- Work order
Could you repeat the data word for word while skipping the pictures?
-----
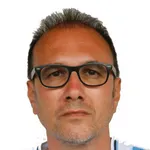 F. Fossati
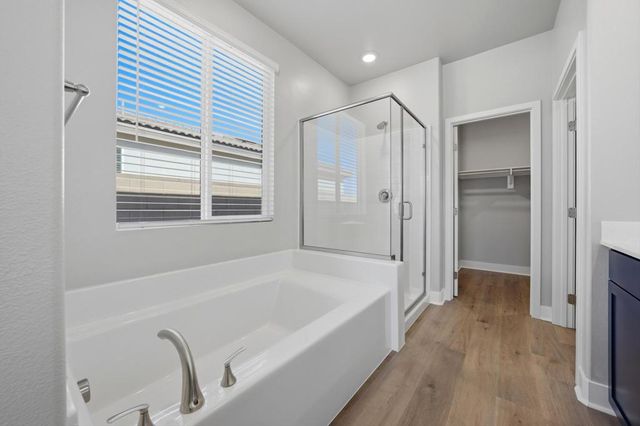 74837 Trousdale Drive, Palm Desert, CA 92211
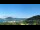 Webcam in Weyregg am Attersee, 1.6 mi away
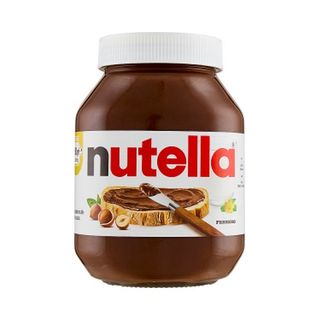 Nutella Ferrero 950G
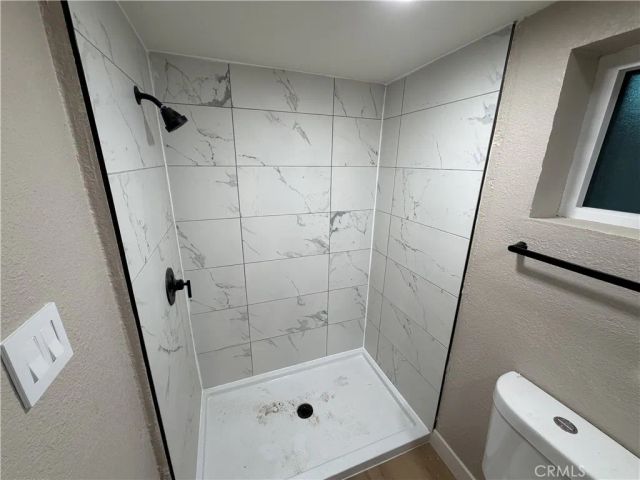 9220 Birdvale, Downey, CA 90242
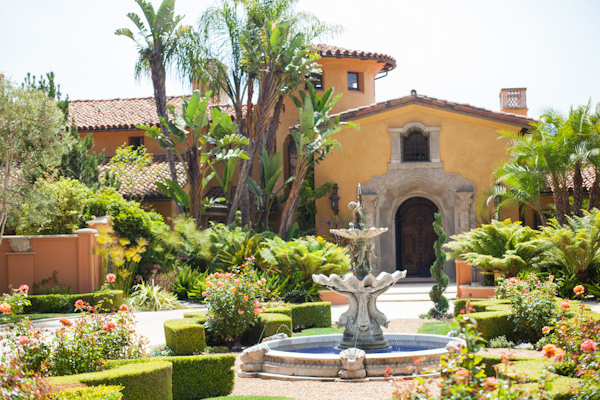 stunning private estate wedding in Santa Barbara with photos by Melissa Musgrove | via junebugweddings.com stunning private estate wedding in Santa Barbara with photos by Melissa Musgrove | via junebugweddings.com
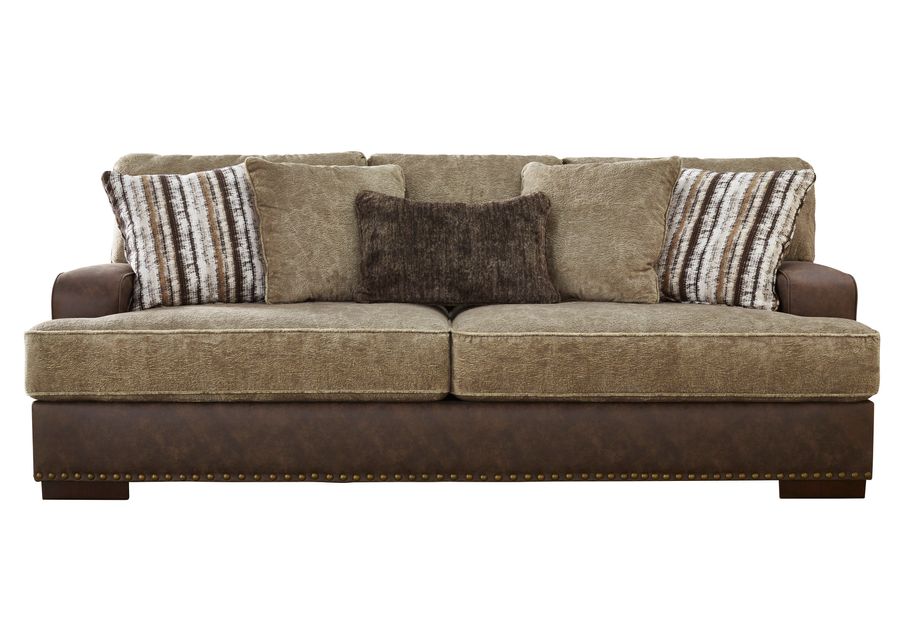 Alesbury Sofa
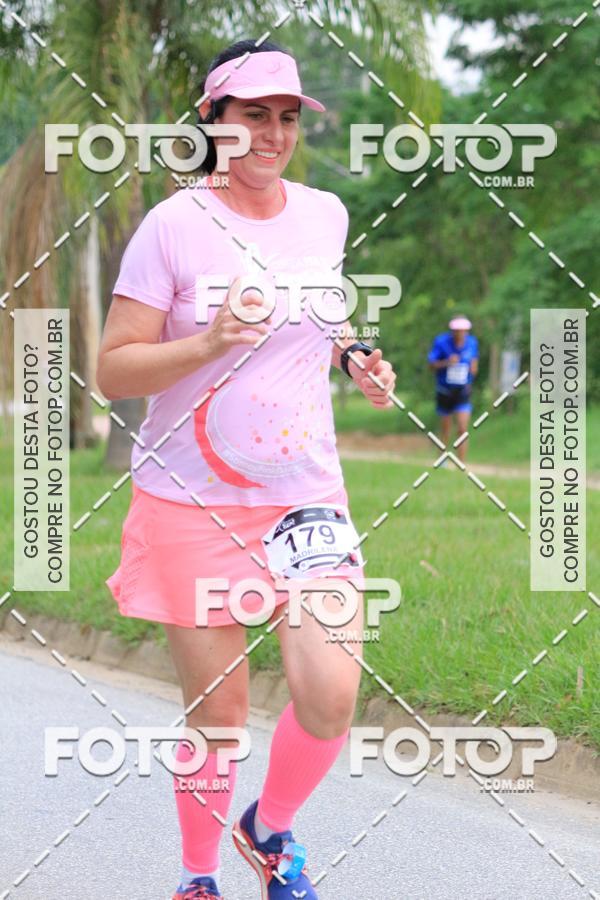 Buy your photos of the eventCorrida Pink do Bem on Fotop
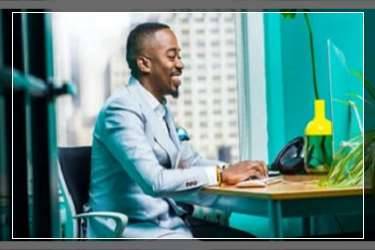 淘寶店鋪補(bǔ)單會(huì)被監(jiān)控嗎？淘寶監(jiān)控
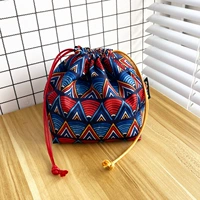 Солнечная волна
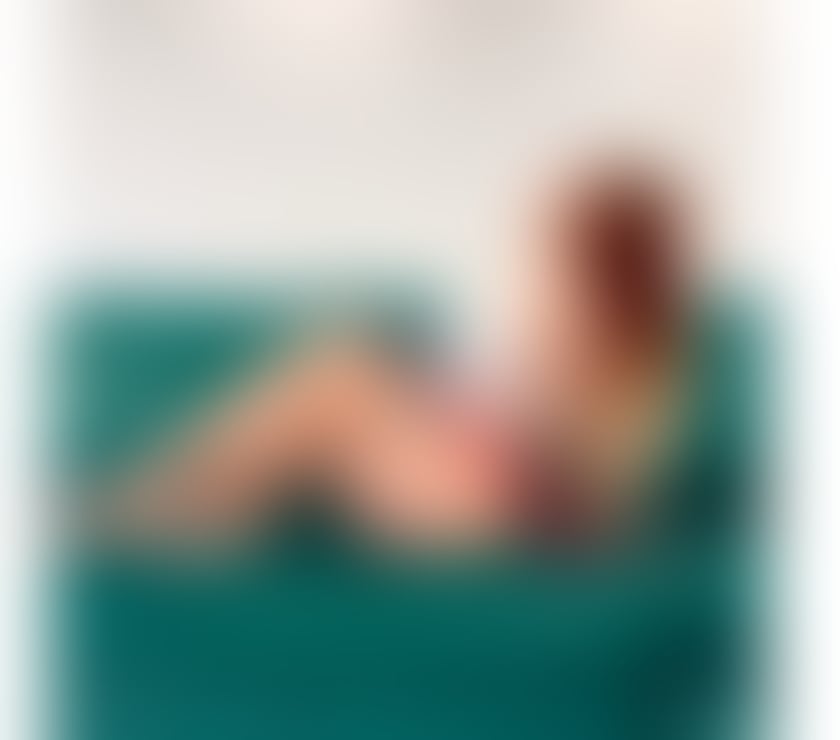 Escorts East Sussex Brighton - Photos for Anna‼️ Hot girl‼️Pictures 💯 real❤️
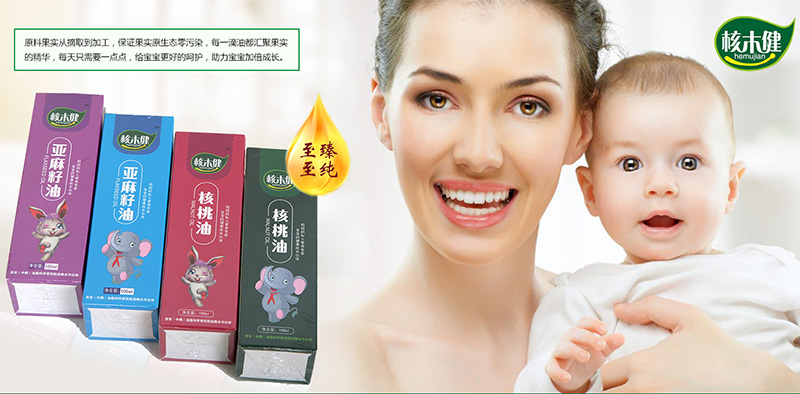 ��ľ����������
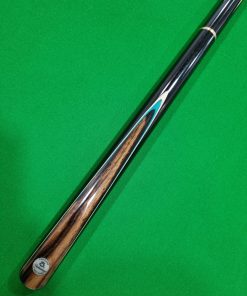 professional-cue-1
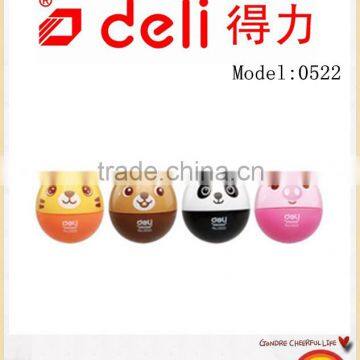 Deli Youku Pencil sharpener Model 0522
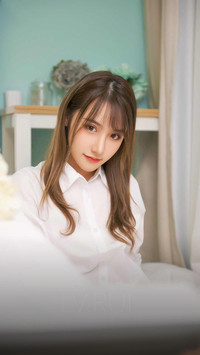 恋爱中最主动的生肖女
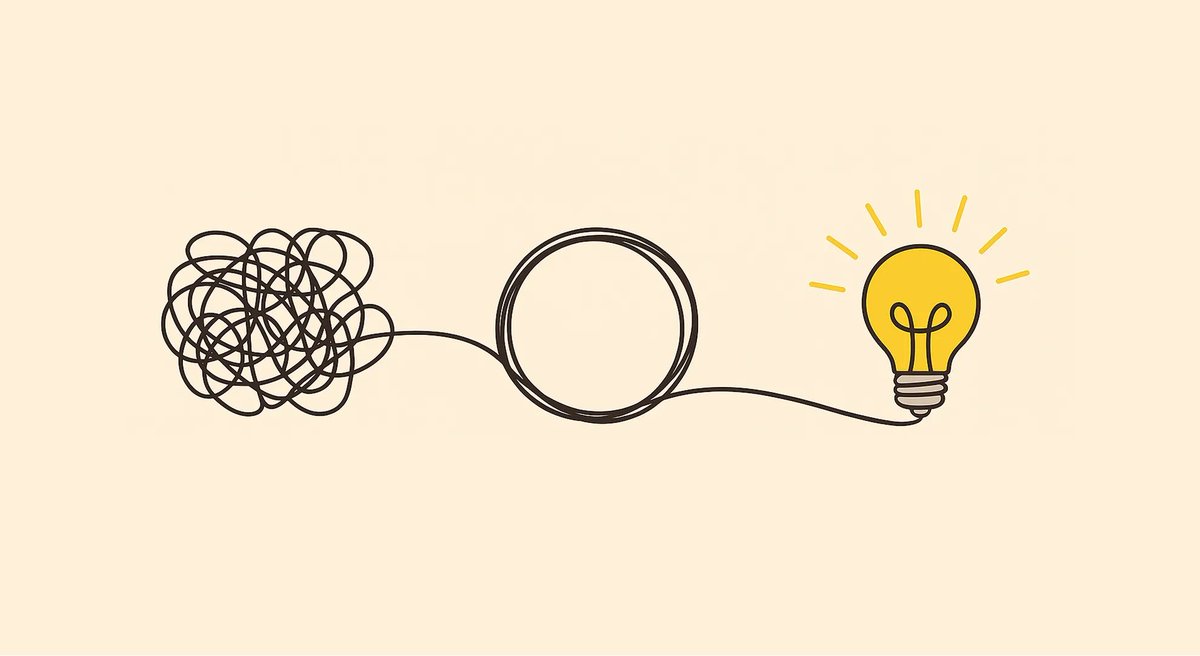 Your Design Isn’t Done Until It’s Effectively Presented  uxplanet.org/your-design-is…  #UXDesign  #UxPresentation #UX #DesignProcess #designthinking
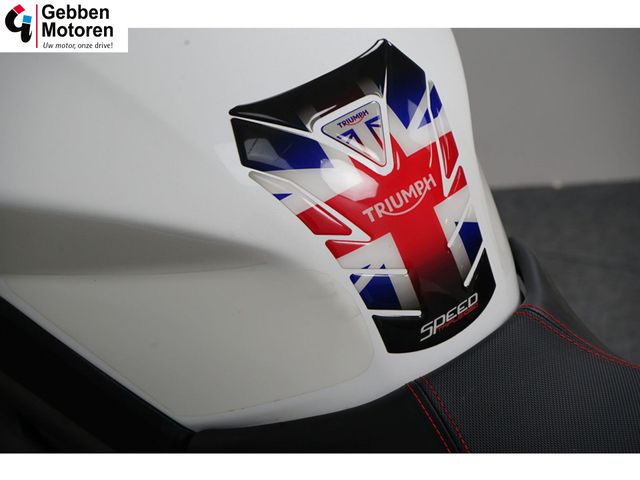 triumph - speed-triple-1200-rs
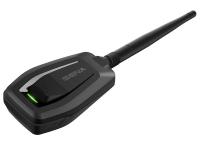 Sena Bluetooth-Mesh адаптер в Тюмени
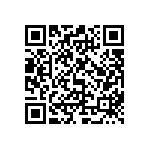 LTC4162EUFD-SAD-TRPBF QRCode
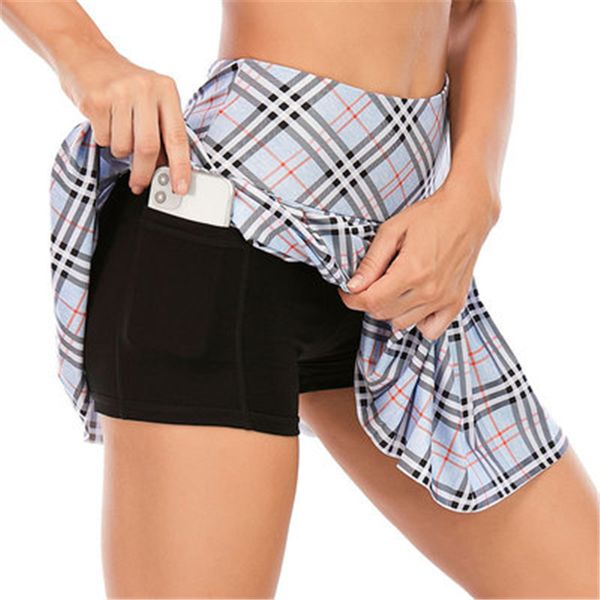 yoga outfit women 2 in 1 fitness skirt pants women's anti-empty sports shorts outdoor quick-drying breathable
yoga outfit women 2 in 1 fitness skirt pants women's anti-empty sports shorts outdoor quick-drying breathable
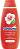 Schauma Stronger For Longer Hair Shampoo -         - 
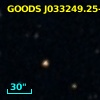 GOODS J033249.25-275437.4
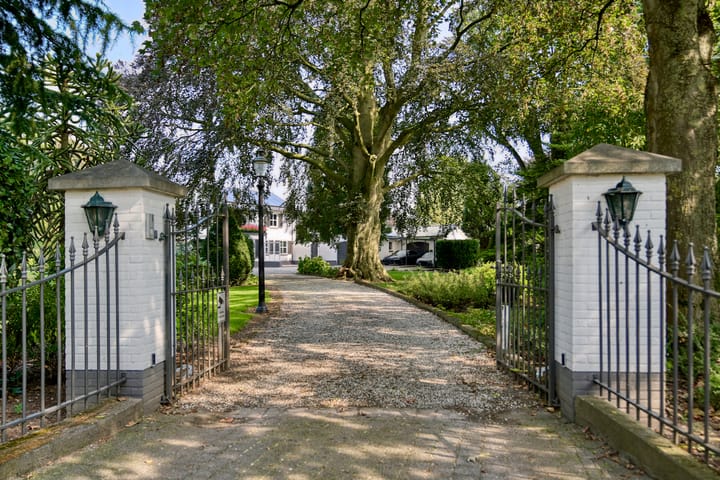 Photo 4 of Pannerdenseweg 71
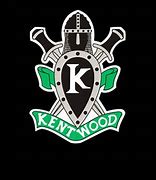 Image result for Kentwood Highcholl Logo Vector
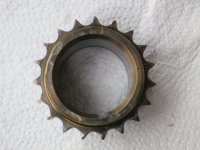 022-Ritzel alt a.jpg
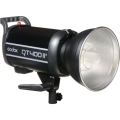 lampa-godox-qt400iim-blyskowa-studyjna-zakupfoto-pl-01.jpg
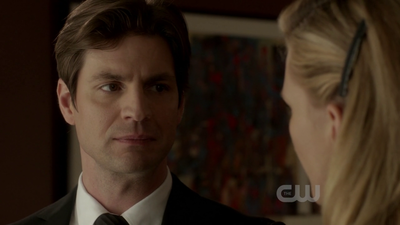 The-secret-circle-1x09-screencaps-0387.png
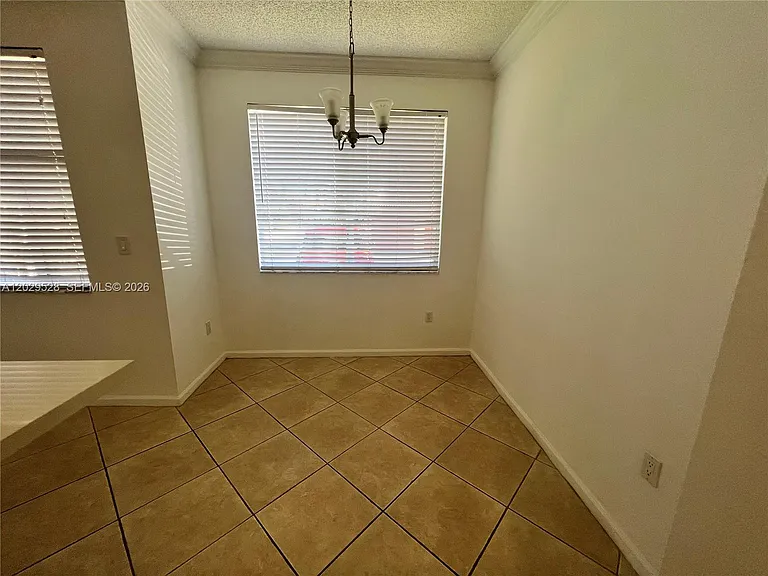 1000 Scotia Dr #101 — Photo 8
-----
- Written response
 F. Fossati
 74837 Trousdale Drive, Palm Desert, CA 92211
 Webcam in Weyregg am Attersee, 1.6 mi away
 Nutella Ferrero 950G
 9220 Birdvale, Downey, CA 90242
 stunning private estate wedding in Santa Barbara with photos by Melissa Musgrove | via junebugweddings.com stunning private estate wedding in Santa Barbara with photos by Melissa Musgrove | via junebugweddings.com
 Alesbury Sofa
 Buy your photos of the eventCorrida Pink do Bem on Fotop
 淘寶店鋪補(bǔ)單會(huì)被監(jiān)控嗎？淘寶監(jiān)控
 Солнечная волна
 Escorts East Sussex Brighton - Photos for Anna‼️ Hot girl‼️Pictures 💯 real❤️
 ��ľ����������
 professional-cue-1
 Deli Youku Pencil sharpener Model 0522
 恋爱中最主动的生肖女
 Your Design Isn’t Done Until It’s Effectively Presented  uxplanet.org/your-design-is…  #UXDesign  #UxPresentation #UX #DesignProcess #designthinking
 triumph - speed-triple-1200-rs
 Sena Bluetooth-Mesh адаптер в Тюмени
 LTC4162EUFD-SAD-TRPBF QRCode
 yoga outfit women 2 in 1 fitness skirt pants women's anti-empty sports shorts outdoor quick-drying breathable
yoga outfit women 2 in 1 fitness skirt pants women's anti-empty sports shorts outdoor quick-drying breathable
 Schauma Stronger For Longer Hair Shampoo -         - 
 GOODS J033249.25-275437.4
 Photo 4 of Pannerdenseweg 71
 Image result for Kentwood Highcholl Logo Vector
 022-Ritzel alt a.jpg
 lampa-godox-qt400iim-blyskowa-studyjna-zakupfoto-pl-01.jpg
 The-secret-circle-1x09-screencaps-0387.png
 1000 Scotia Dr #101 — Photo 8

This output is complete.